For the first time since Pennsylvania has been keeping tabs under No Child Left Behind, more than half of city students met state standards in reading and math this year.
"I think the progress we're seeing in Philadelphia is outstanding. The progress is real. Many things are going in the right direction," Duncan said in a telephone interview. "The superintendent is doing a fantastic job. I'm a big fan of hers."
He acknowledged that Ackerman's plan to pump lots of resources into six "promise academy" schools may seem high risk to some, but really is the best decision.
"What we're doing for children isn't good enough," he said. "Her willingness to challenge the status quo and put resources behind the schools and communities that are struggling . . . is absolutely the right thing to do. For far too long, we've sat idly by with a disturbing sense of complacency and watched children fail."
While Duncan and Obama are visiting one of the best schools in the district and the state – Masterman, a prestigious magnet that draws the top students from around the city – Duncan said high school performance remains a major problem in many cities across the country, including Philadelphia.

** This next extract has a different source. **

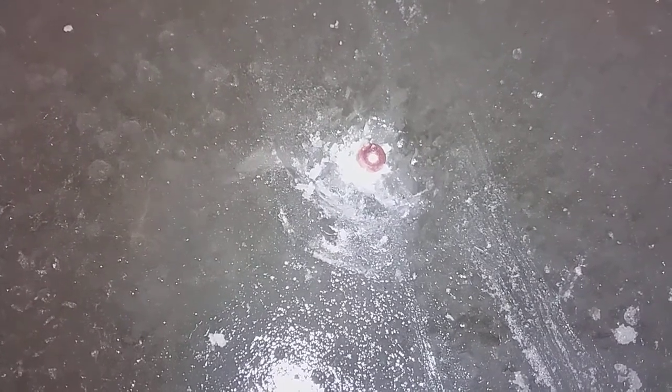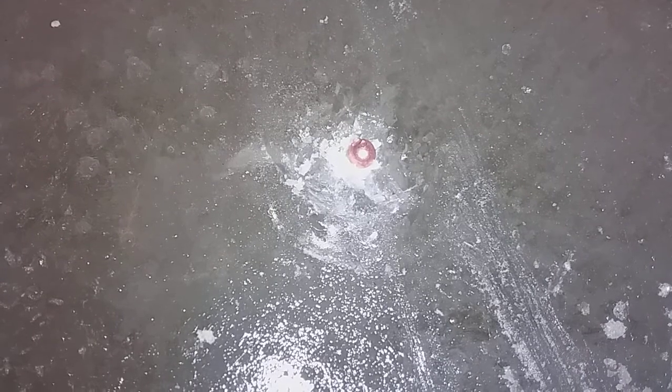Oh, hey! It buried itself in there. That's pretty well flush. So, that's actually a decent impact. That looks like a bullet hole in glass, almost. It's got that weird kind of shattering pattern.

"At the end of the day, that's the toughest and most important battle," he said. Of Philadelphia, he said: "What I appreciate is the honesty of the conversation and the willingness and desire to get dramatically better."
Asked about the problems at South Philadelphia High School, Duncan said: "From any difficult situation, you hope it never happens again and I hope some lessons were learned and some good comes from it. It's tragic that you have students in that situation, but you have to deal with the issues openly and honestly and you have to be sure the district emerges stronger . . . I have a lot of confidence that the district is committed to doing that."